* **GIVEN MATERIAL**
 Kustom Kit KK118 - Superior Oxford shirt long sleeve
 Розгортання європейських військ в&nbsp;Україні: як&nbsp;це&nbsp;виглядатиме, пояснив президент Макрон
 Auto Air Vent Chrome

* **TASK PROMPT**
Repeat, without changes, every line from the one that contains "Розгортання європейських військ" through the final line of the data.

* **THE ANSWER**
 Розгортання європейських військ в&nbsp;Україні: як&nbsp;це&nbsp;виглядатиме, пояснив президент Макрон
 Auto Air Vent Chrome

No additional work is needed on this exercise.